冬长老淡淡的一句话让那王文杰一连串的话都给噎了回去,怔怔的心里生闷气,若是往常有人这样跟他说话,他早就一拍桌子撵人了,可如今却不成啊?这是大男禅师的弟子啊,而且看样子这位大男禅师还十分的宠爱自己的徒弟,连七尺乌蚕丝的长鞭都舍得给,而且这长鞭却有着大拇手指那般粗细,这又如何是好?重新赔一个?太亏了吧?修复?人家又不干……
可若是平日里弟子有这般顶撞的言辞,作为师尊的早就出来圆场几句并且呵斥几句给个台阶下了,可这大男禅师似乎一点儿要呵斥自己弟子的意思都没有?这……都说大男禅师宠爱徒弟很过分,可如今看来……还真是没说错,可眼下这事情突然的僵在这儿了,让王文杰也实在是没有办法下台阶了。
“这位冬儿姑娘的修为高深,经验丰富,若不是事先就手下留情恐怕我如今早已如这七尺长鞭一样断碎而亡。
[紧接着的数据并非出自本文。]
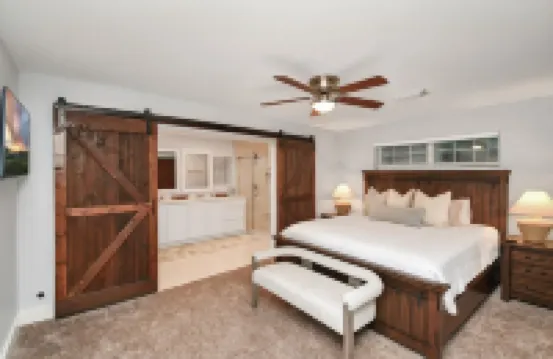 Spacious Modern Cottage Perfect for Families & Pets ~ Gated Parking ~ Sleeps 9+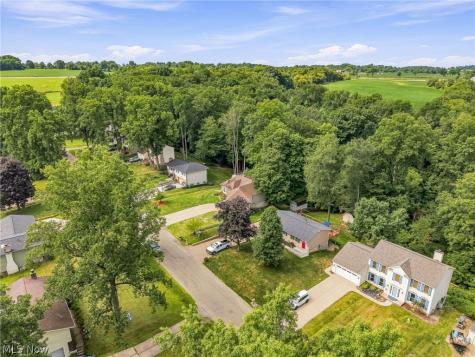 7361 Stonehill Avenue NW Canal Fulton OH 44614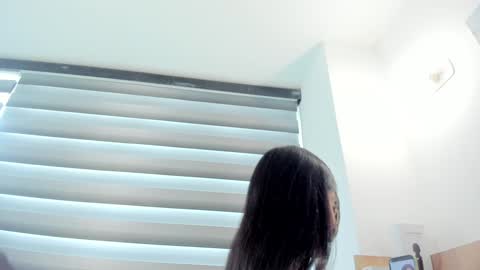 Snapshot of nia__white chatting on February 6, 2025, 8:45 pm laura online show from February 6, 2025, 8:45 pm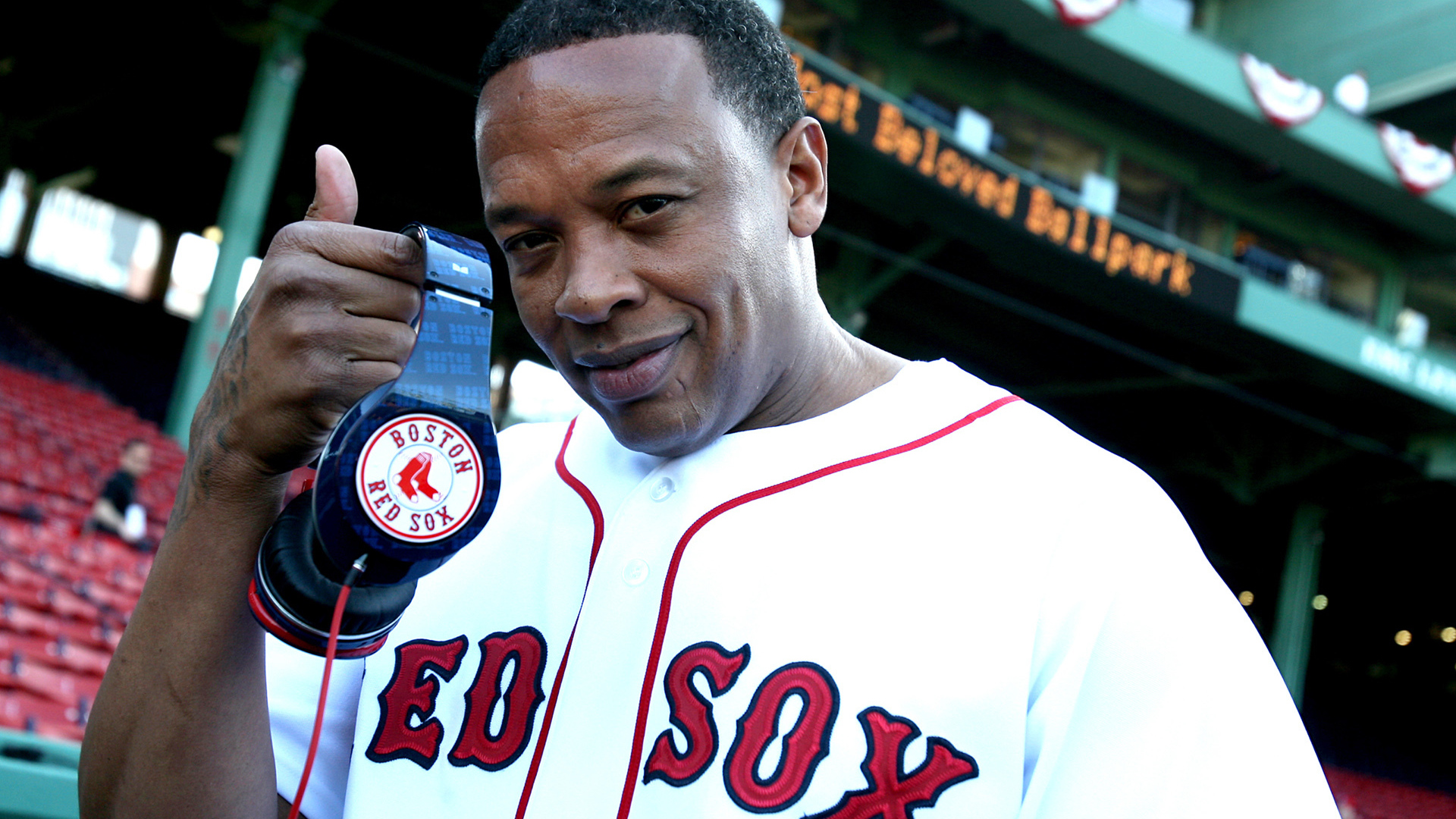 Др. Дре с наушниками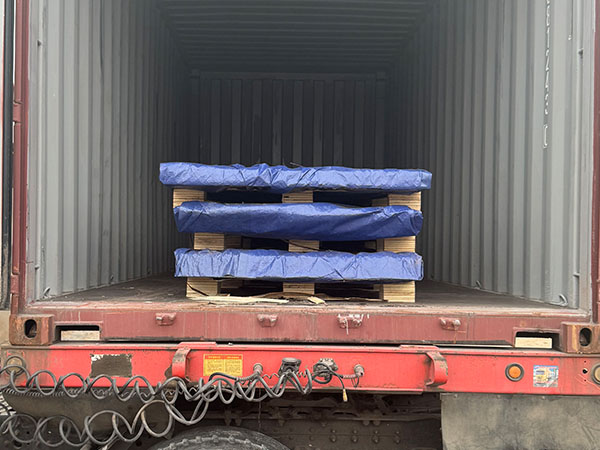 28 tons of steel plates were sent to India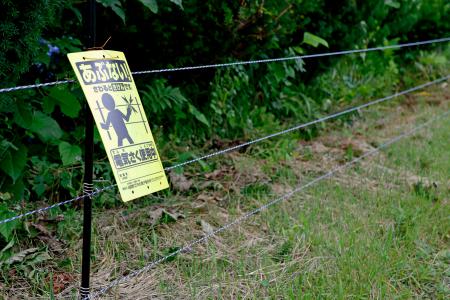 　山本光雄さん宅に設置された、クマの侵入を防ぐ電気柵＝７月、岩手県雫石町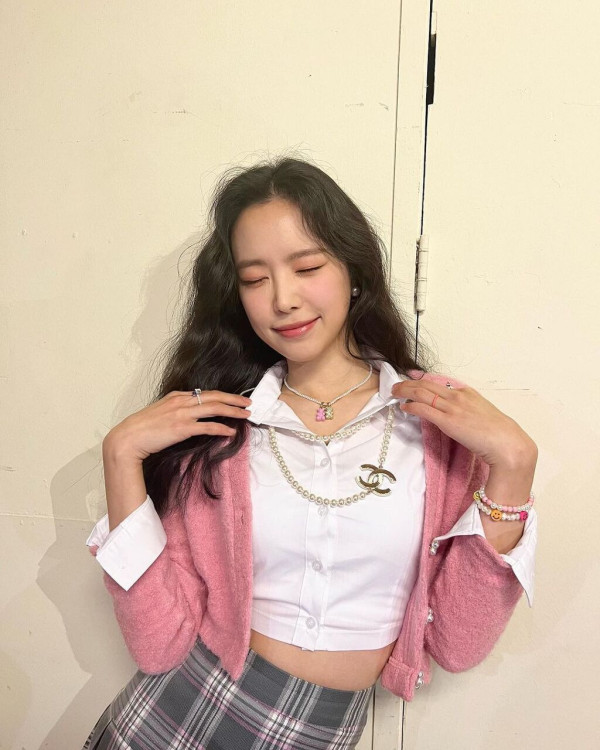 스쿨룩 손나은 인스타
对于冬儿姑娘的境界在下自认追赶不及,你的这柄乌蚕丝长鞭是因我而碎,不如就给在下一个机会,重新编制一根给您,也当做我的一番忏悔的心意,向冬儿姑娘赔罪。”在一旁站了半天的方大海突然一改前面的嚣张跋扈,很是诚恳的说道。
王文杰不禁一愣,一脸扭捏的转回身看自己的徒弟,心里那个疼啊,心说徒弟,那可是七尺的长鞭啊?你还真舍得……
可方大海压根就看不见王文杰那一脸的埋怨,一脸的坚定不移,等着冬长老回话。
冬长老看向孙本男,待孙本男默许的点点头之后,那冬长老才站出来说道,“既然如此,那就有劳了。”只是那声音也是淡的出奇,比那冬季里的冰雪差不多。
“冬儿姑娘莫要多礼,在下也只求在未来的某日还能够请冬儿姑娘指教再三便可。”方大海行之以礼,丝毫没有半分登徒子亵渎之意,那模样看着倒是十分的有诚意不虚假。
冬长老没有任何的表情也没有任何的回答,反而是盯盯的看了那方大海一眼,便撇头装作不见了,方大海心中一怔,脸上倒是腾的一下子红了,一时间,这屋内的气氛倒是尴尬了起来。
方大海自觉自己如今还在这里似乎有些碍事儿,故而打破了一段沉寂,“大男禅师、师尊,若是没有其他的吩咐,弟子先行去为冬儿姑娘炼制乌蚕丝长鞭去了。”
王文杰心说,得……这么一会儿,我一根乌蚕丝的长鞭就没了……可这面子上也不能不答应啊,只好摆摆手,方大海则迅速的出了屋子退下了。
既然事情已经如此,王文杰也无回天之力,只好认了,不管怎么说,巴结上大男禅师总是好的,王文杰心下如此一想也就释然了,可转而,孙本男再一句话就让他顿时心提到了嗓子眼儿了。